Are Iowa’s proposed CO2 pipelines a legitimate climate mitigation tool?

Iowa environmentalists say the plan to build three pipelines to move liquified carbon dioxide — collected from the smokestacks of ethanol refineries — to North Dakota and Illinois, where the carbon would be pumped underground, will simply prop up the fossil fuel industry and shower their agribusiness investors with tax credits, as Nancy Averett explains in FERN’s latest story.

Pipeline opponents also worry that the companies developing them will inject the gas, in liquid form, into nearly depleted oil wells to coax out the last drops of oil. The process is known as enhanced oil recovery, or EOR. Oil and gas companies have been doing this for decades, and, opponents say, it would offset any climate benefits of capturing the carbon dioxide in the first place.

But John Thompson, technology and markets director of the nonprofit Clean Air Task Force, which promotes CCS as a way to neutralize the greenhouse impacts of fossil-fuel power plants, doesn’t see EOR happening.
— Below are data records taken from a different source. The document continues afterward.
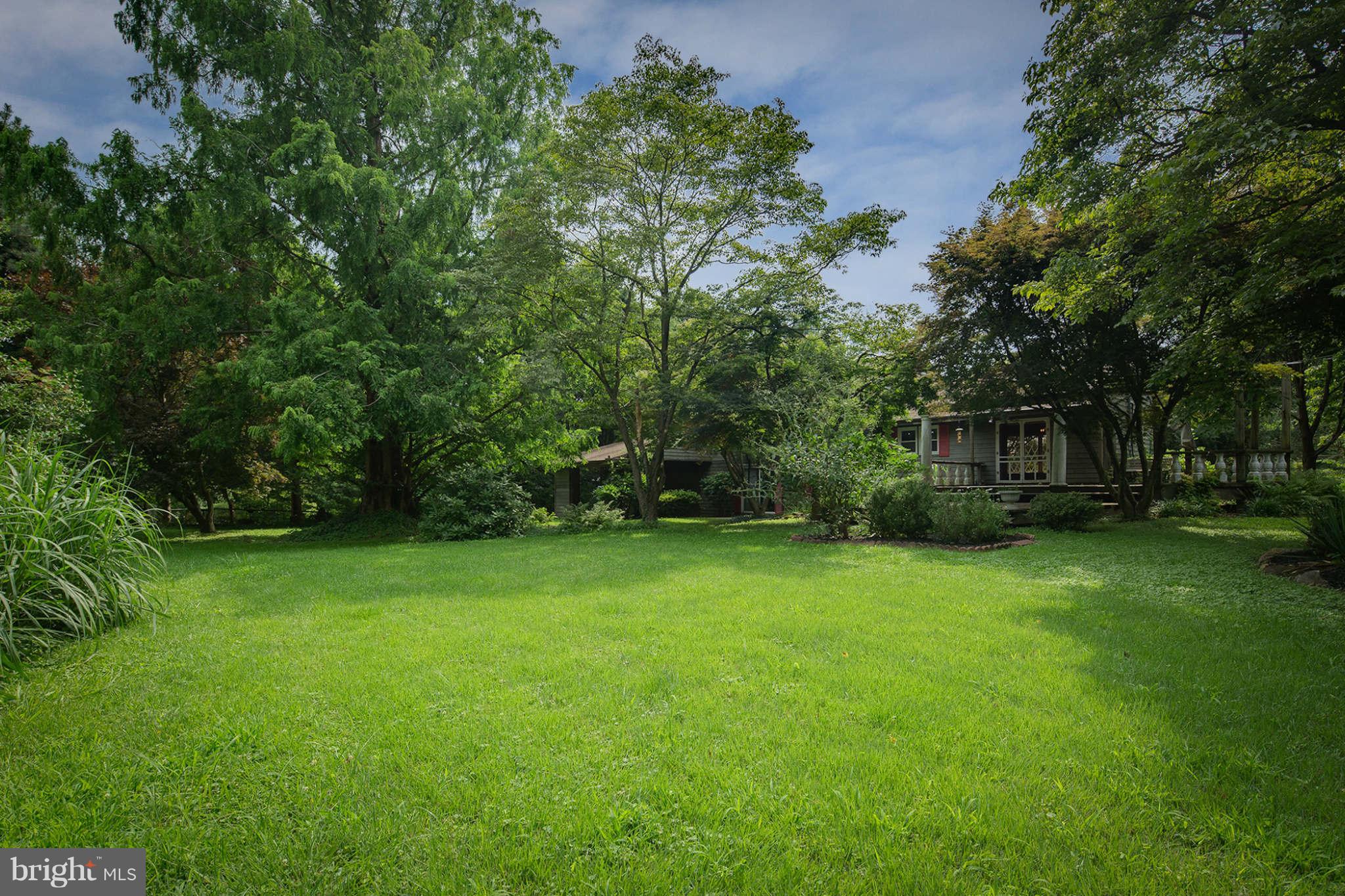 9206 Spring Valley Road Ellicott City, MD 21043 - Photo 4 of 29 Exterior (General)
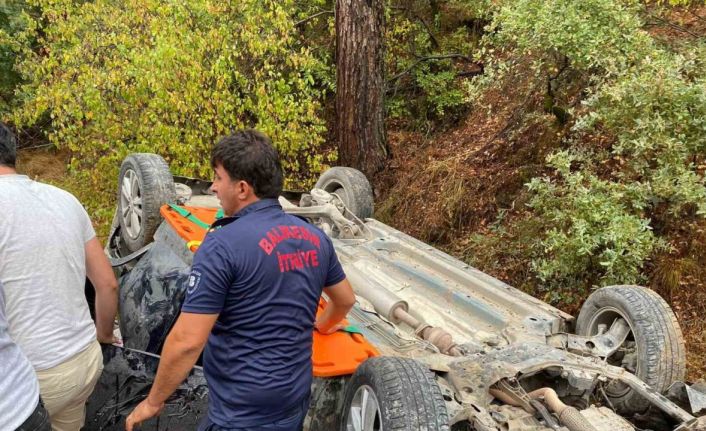 Balıkesir’de uçuruma uçan araçta 5 Yaralı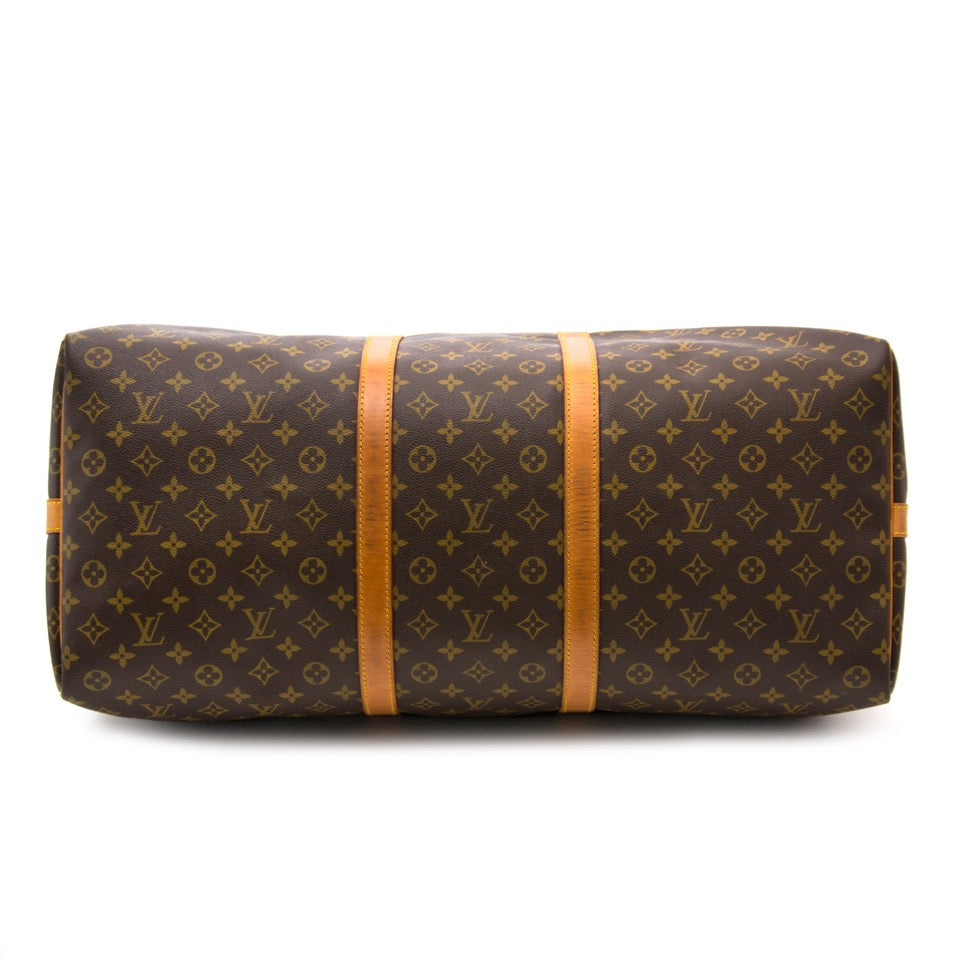 Vintage Louis Vuitton Keepall 60 for the best price at Labellov webshop. Safe and secure online shopping with 100% authenticity. Vintage Louis Vuitton Keepall 60 pour le meilleur prix.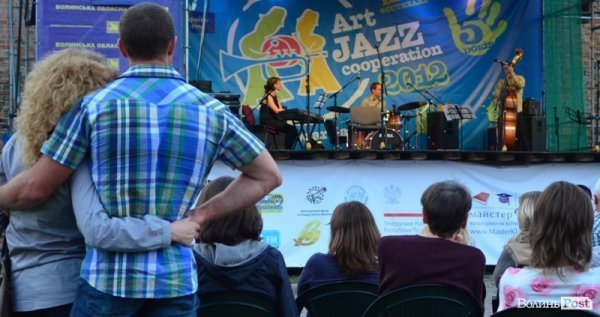 У Луцькому замку танцювали і співали кубинську сальсу. ФОТО  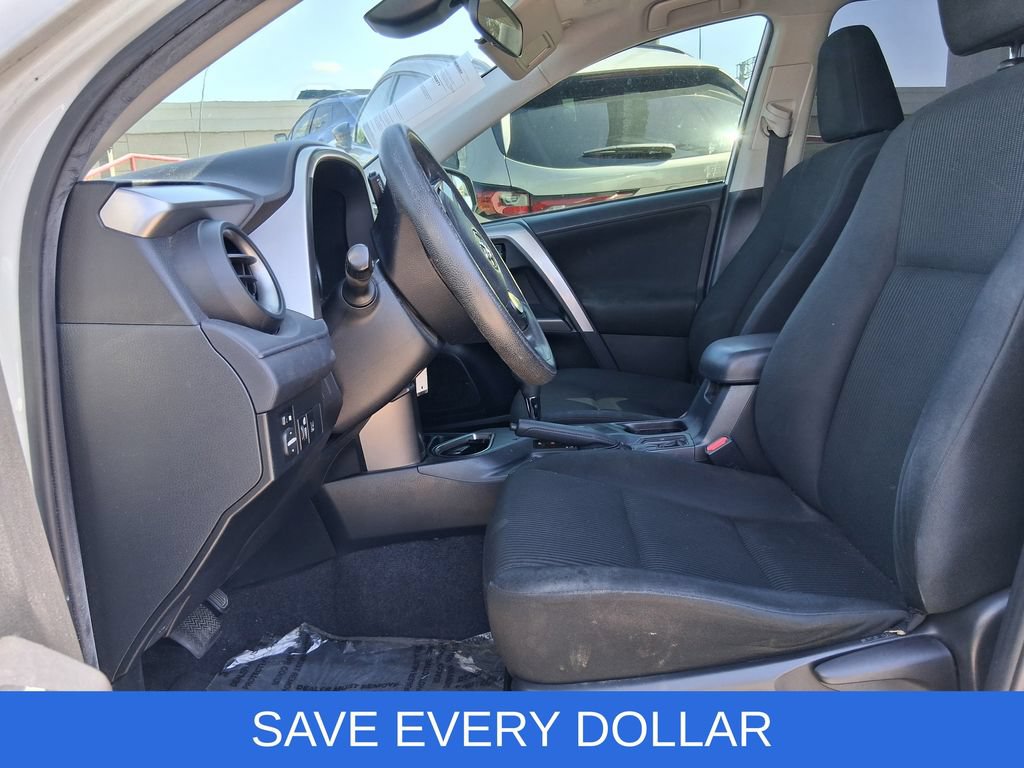 Used 2018 Toyota RAV4 LE FWD image 8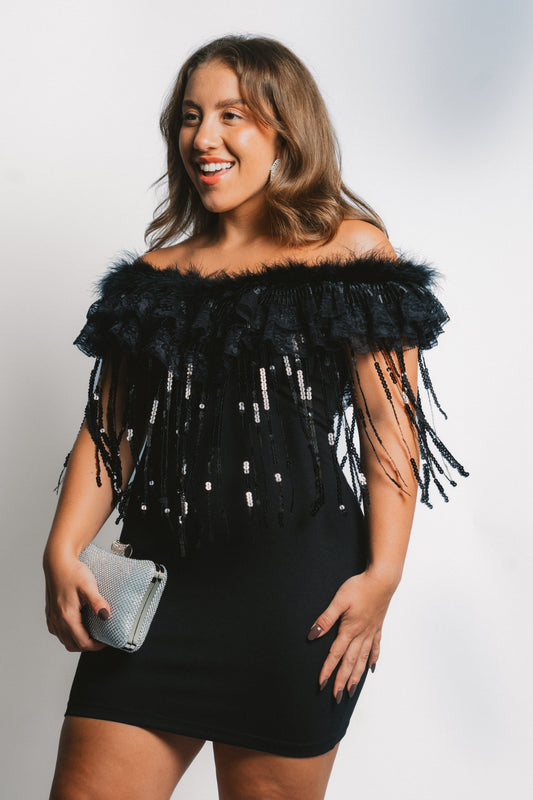 Vestido Negro con Colgantes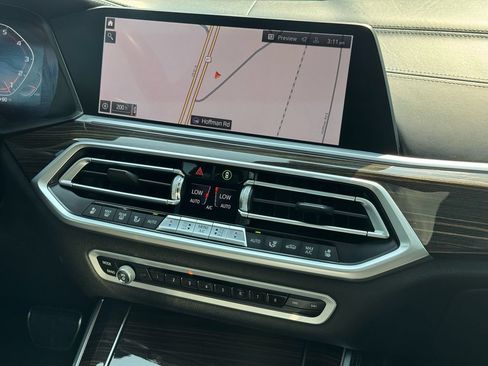 Used 2020 BMW X5 M50i AWD/4WD image 16
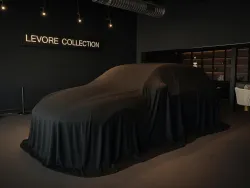 Aston Martin DBX 707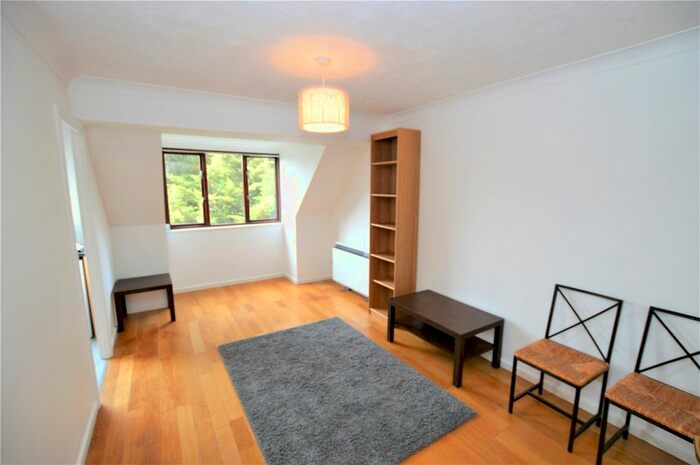 1 Bedroom Flat To Rent In Kestrel House, Mowbray Road, London, SE19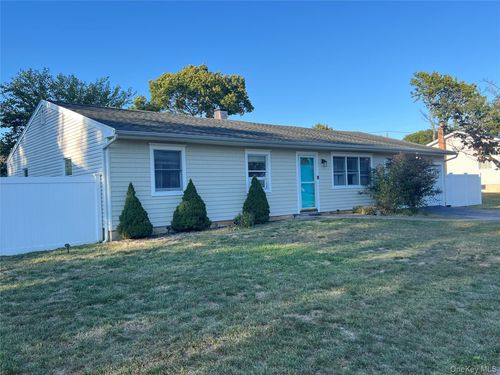 43 Rush St, Port Jefferson Station, NY, 11776-3922 | Card Image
The pipeline companies, he says, have applied to the Environmental Protection Agency for Class VI saline injection well permits, which allow only for sequestration, not for EOR. Moreover, the pipelines, as currently designed, go nowhere near the type of wells that could use EOR. Says Daniel Sanchez, director of the Carbon Removal Laboratory, at the University of California, Berkeley, “There are no markets and no places where I see enhanced oil recovery really booming in the Midwest.”